You've been bugged!
Someone hid a tiny noise-making device near you. Yes, those random beeps? That's us. Congratulations on finding it.
Bugger is a tiny open-source prank device. Powered by a single coin cell battery, it beeps at random intervals for months. It has 6 devious modes to choose from.
Choose Your Weapon
Classic
The OG annoyance
- 20s – 2min
- 50 – 500ms
- Medium
- 30% chance of a sneaky double-beep
Chaos
Maximum disruption
- 5 – 20s
- 25 – 200ms
- Medium
- 1–3 beep bursts
Smoke Alarm
Is it the smoke detector?
- Every 40s
- 75ms
- MAX
- Mimics low-battery smoke detector chirp
Ghost
Did you hear that? ...Nah.
- 15 – 35s
- 25ms
- Quiet
- Barely audible, blink and you miss it
Loud
Subtlety is overrated
- 20s – 5min
- 500 – 750ms
- Loud
- Long, unpredictable blasts
Sleeper
The long con
- Every 20 min
- 1 second
- Medium
- Maximum stealth, maximum patience
Getting Started
Insert the Battery
Pop a CR2032 coin cell into the battery holder on the bottom of the board (the side opposite the QR code and components).

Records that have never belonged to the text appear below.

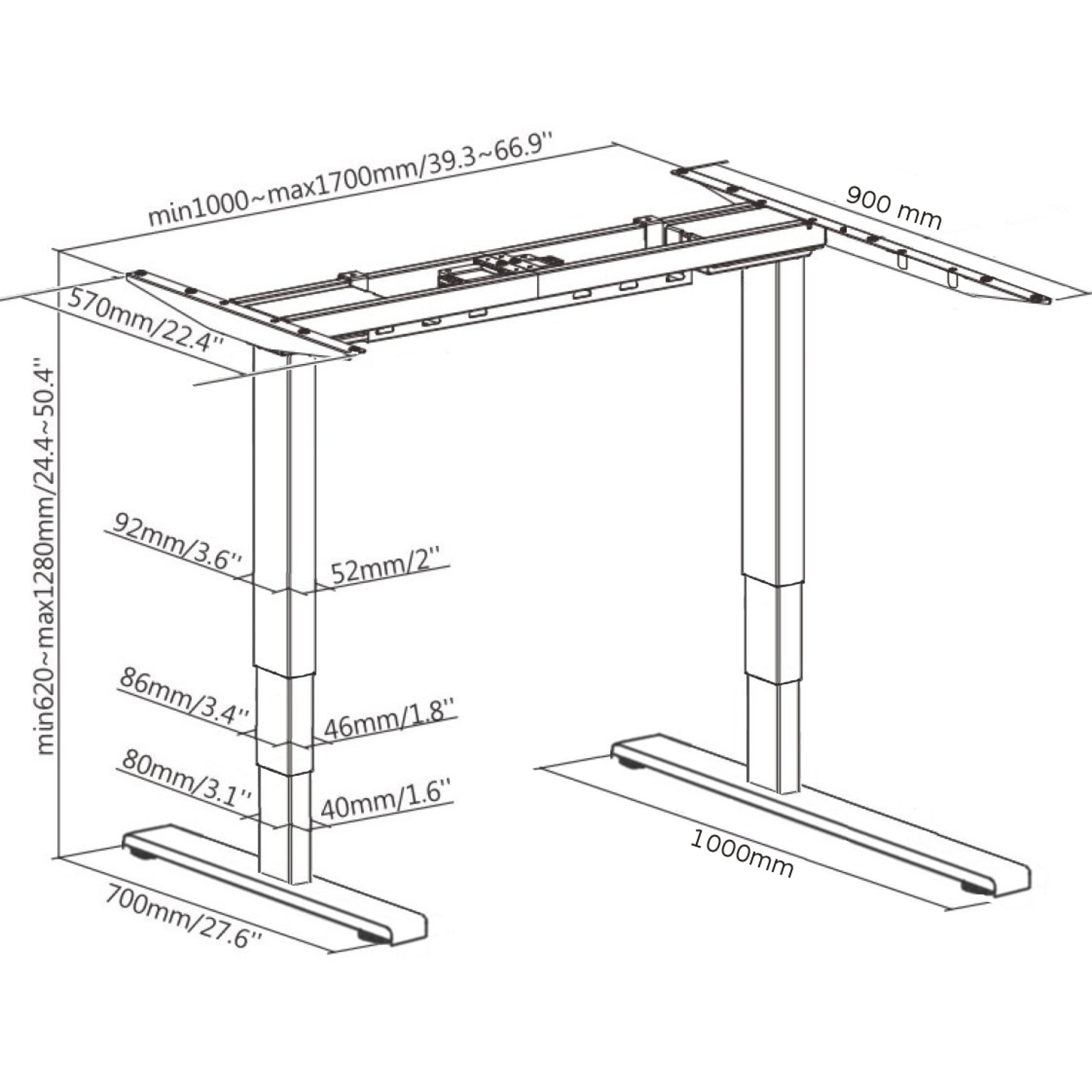 edf12rdk Ergo dual with radial upgrade kit dimensions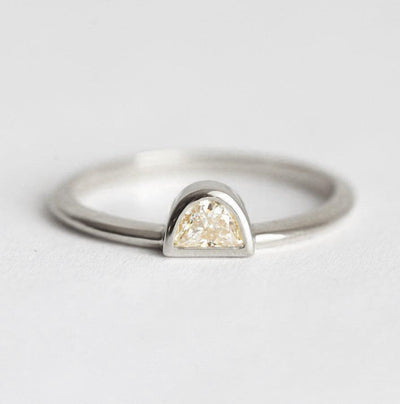 Half Moon White Diamond Solitaire Ring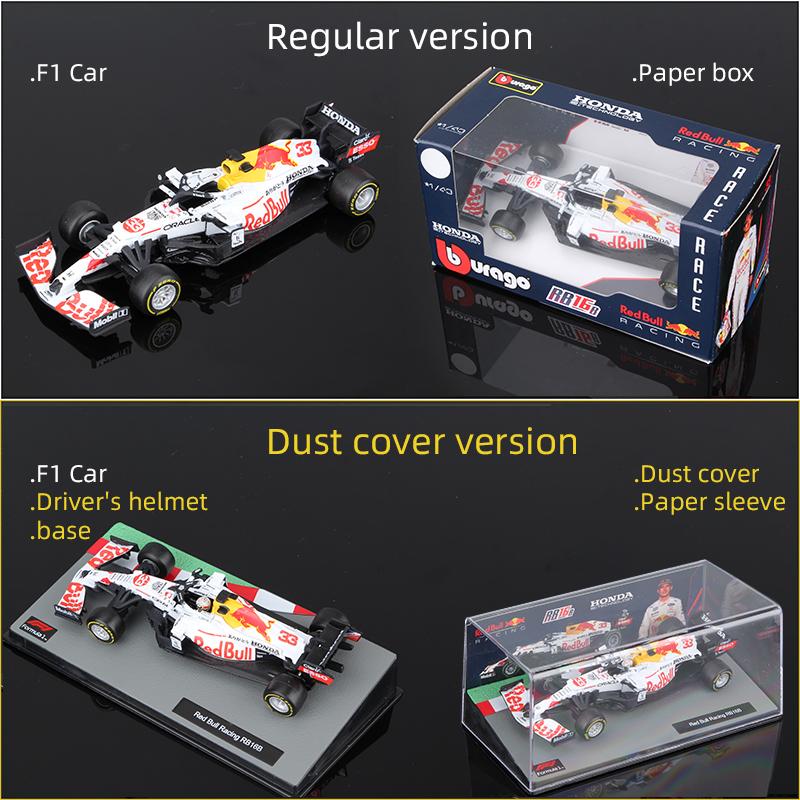 Ббураго 1:43 Ферстаппен F1 Модель автомобиля из сплава Red Bull Racing Rb16B Rb19 Rb20 Rb21 Статическая литая игрушка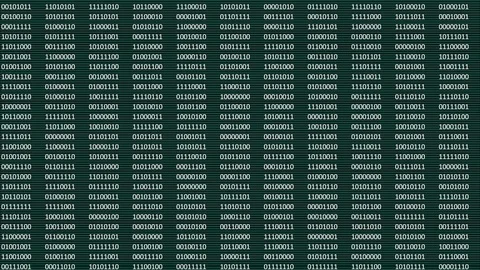 Animated digital bits and bytes on a black and green computer screen. Stock Footage 108561226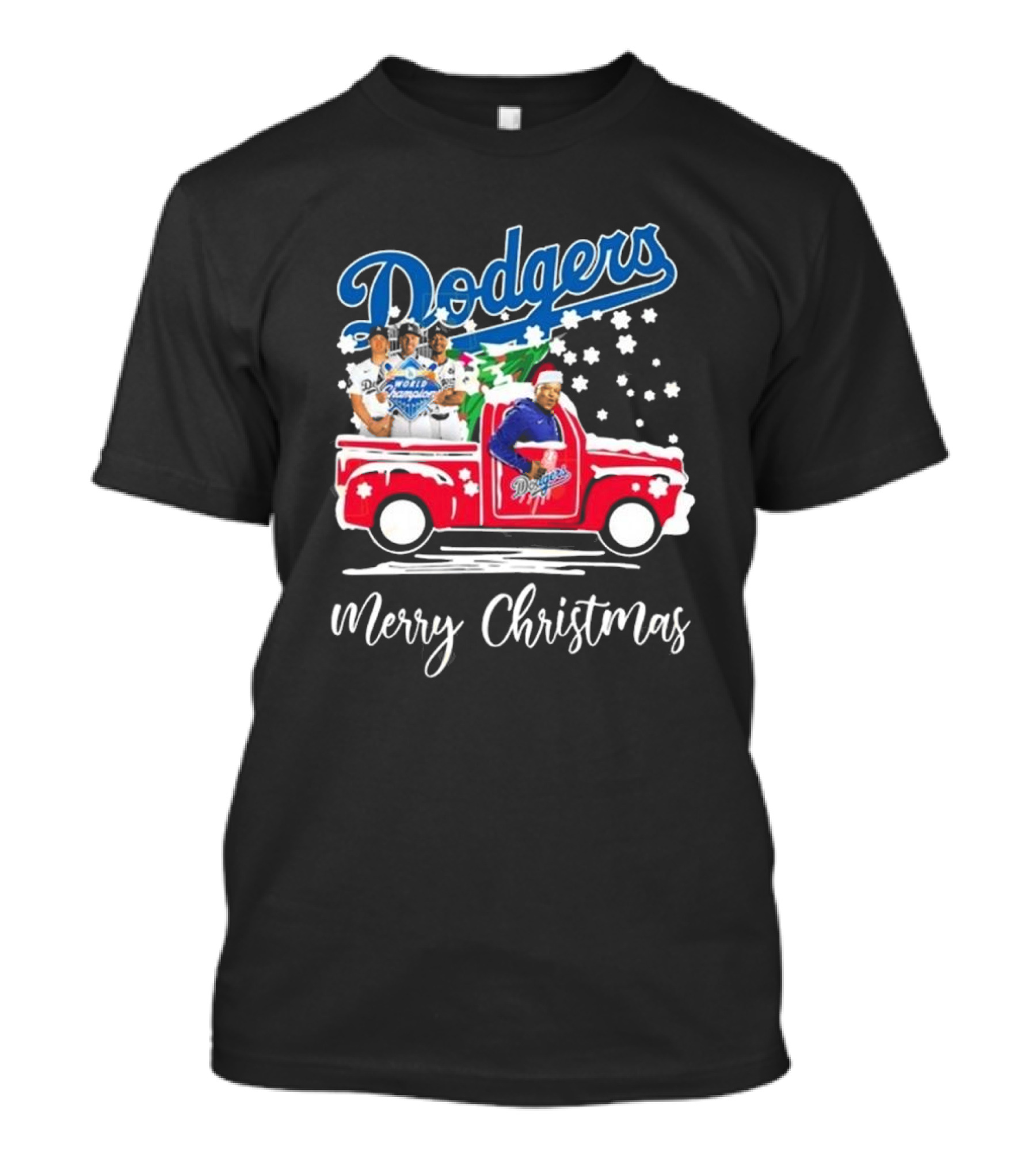 Merry Christmas Los Angeles Dodgers 2024 World Champions Santa Truck Snowflake T-Shirt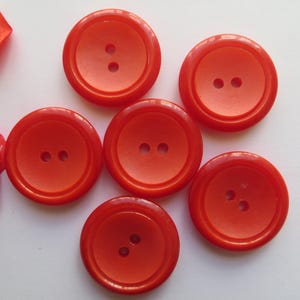 60s Vintage Unisex Rimmed 2-Hole Red Coat Jacket Dress Buttons-27mm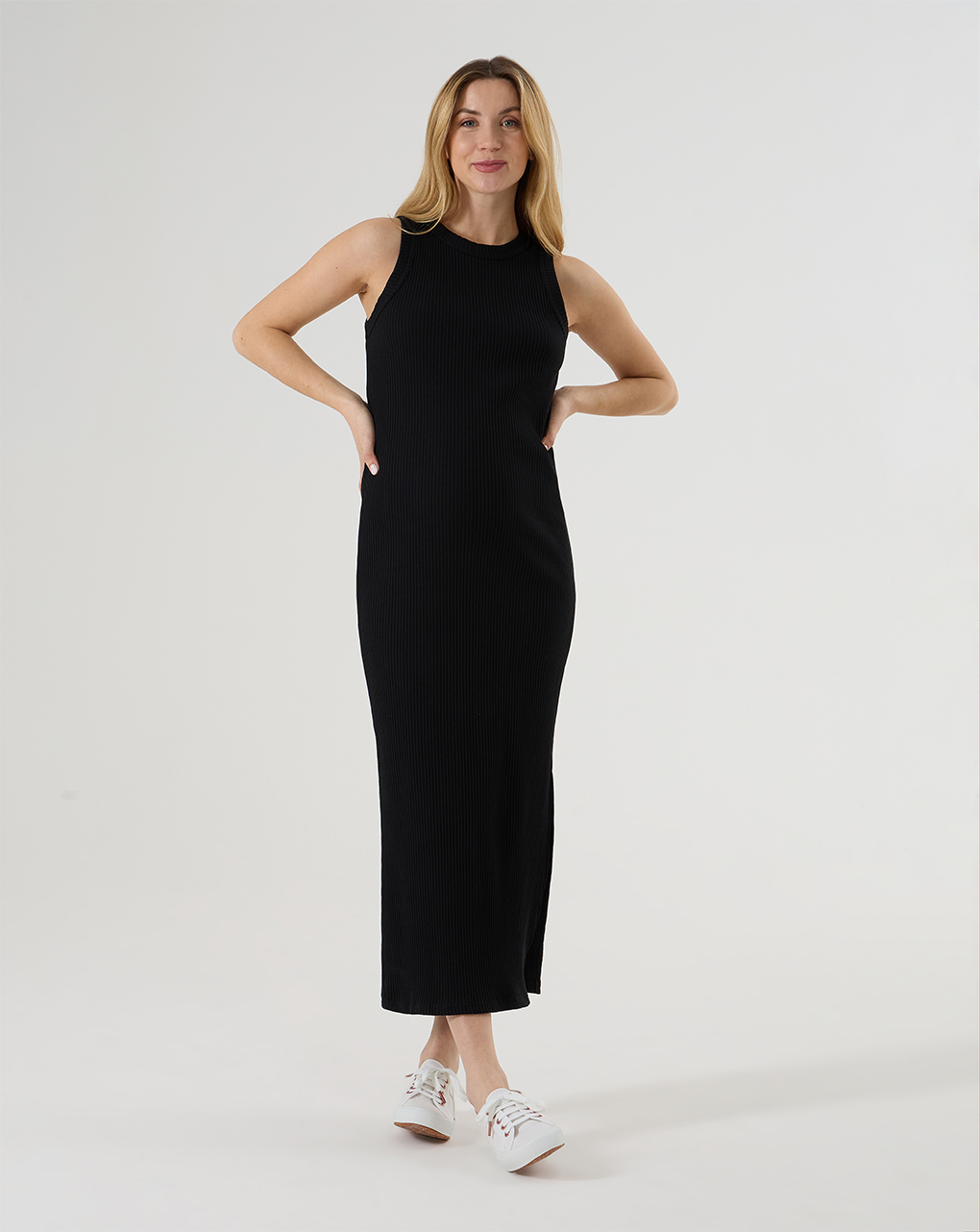 Abito lungo premaman nero in maglia a coste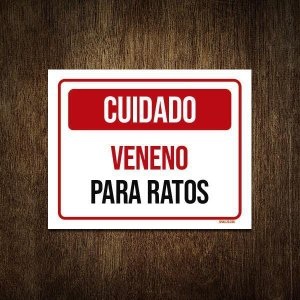 Placa Cuidado Veneno para Ratos 27x35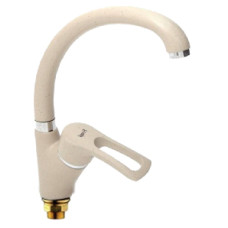 F4166-10 (F41) Змішувач для кухні однорич. вухо лат. корпус гайка Ø40 світло-бежевий Frap 1/8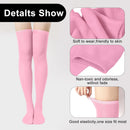 1 Pair Thigh High Socks, Cotton Soft Knee Long Stockings Leg Warmers for Women Girls Christmas Cosplay (Pink) -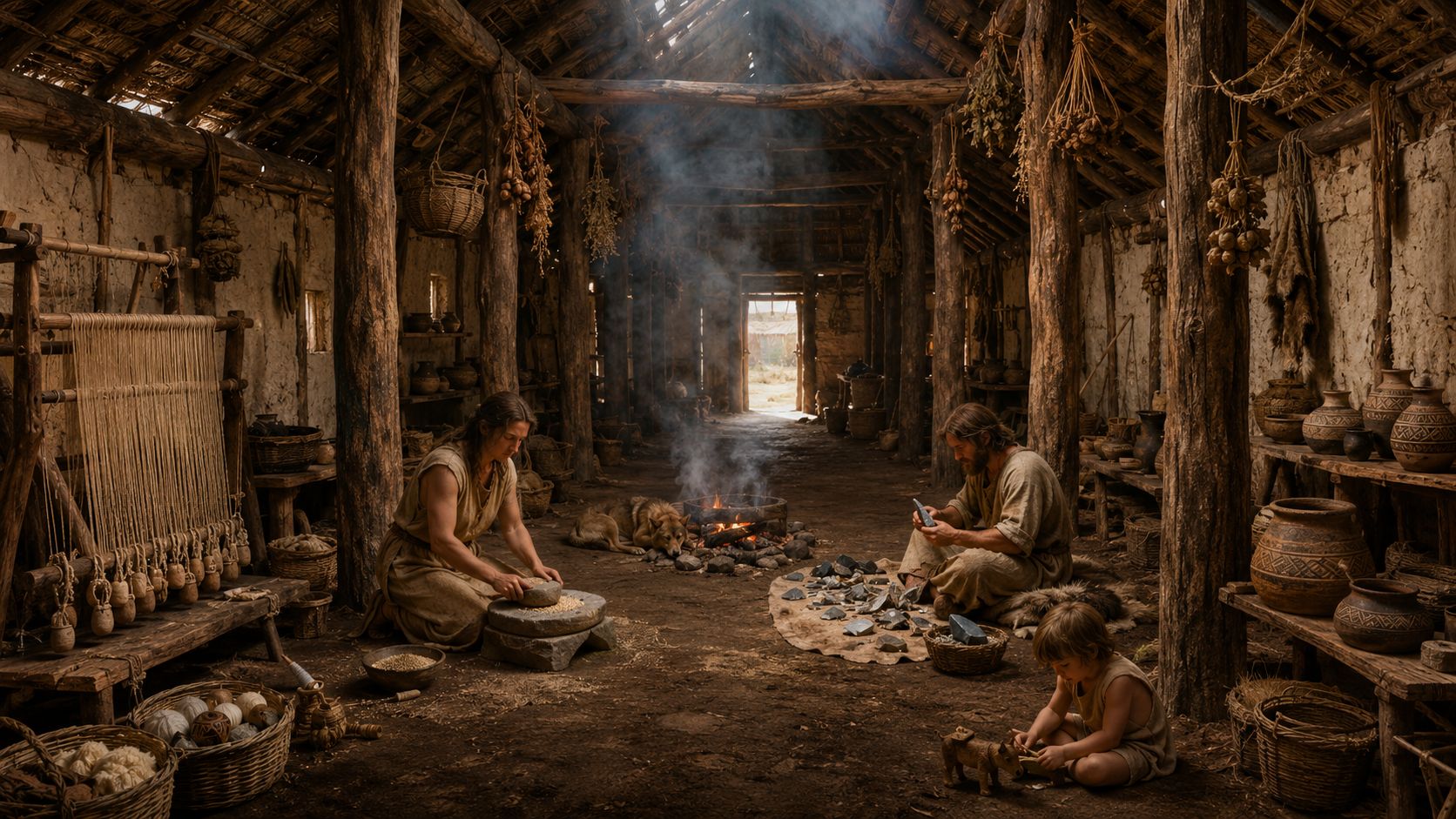 Intérieur reconstitué d'une maison longue du Néolithique ancien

Make sure the positive (+) side faces up (away from the board) — line it up with the + marker on the battery shield.
Choose Your Mode
When you insert the battery, the device beeps N times to tell you the current mode (e.g. 3 beeps = Mode 3).
Press the button (SW1) within 5 seconds to cycle to the next mode. Each press confirms the new mode with the matching number of beeps.
Don't press anything for 5 seconds and a long beep locks in your selection. The mode is saved to flash — it sticks even if you remove the battery.
Press the button at any time during operation to go back to mode selection.
Deploy
The tab with a hole on the left side of the board is a mounting point — use it with a lanyard, piece of string, or zip tie.
The cutout next to it is where the piezo buzzer sits (mounted sideways, 90° with leads flat against the board).
Find a good hiding spot. Wait. Enjoy.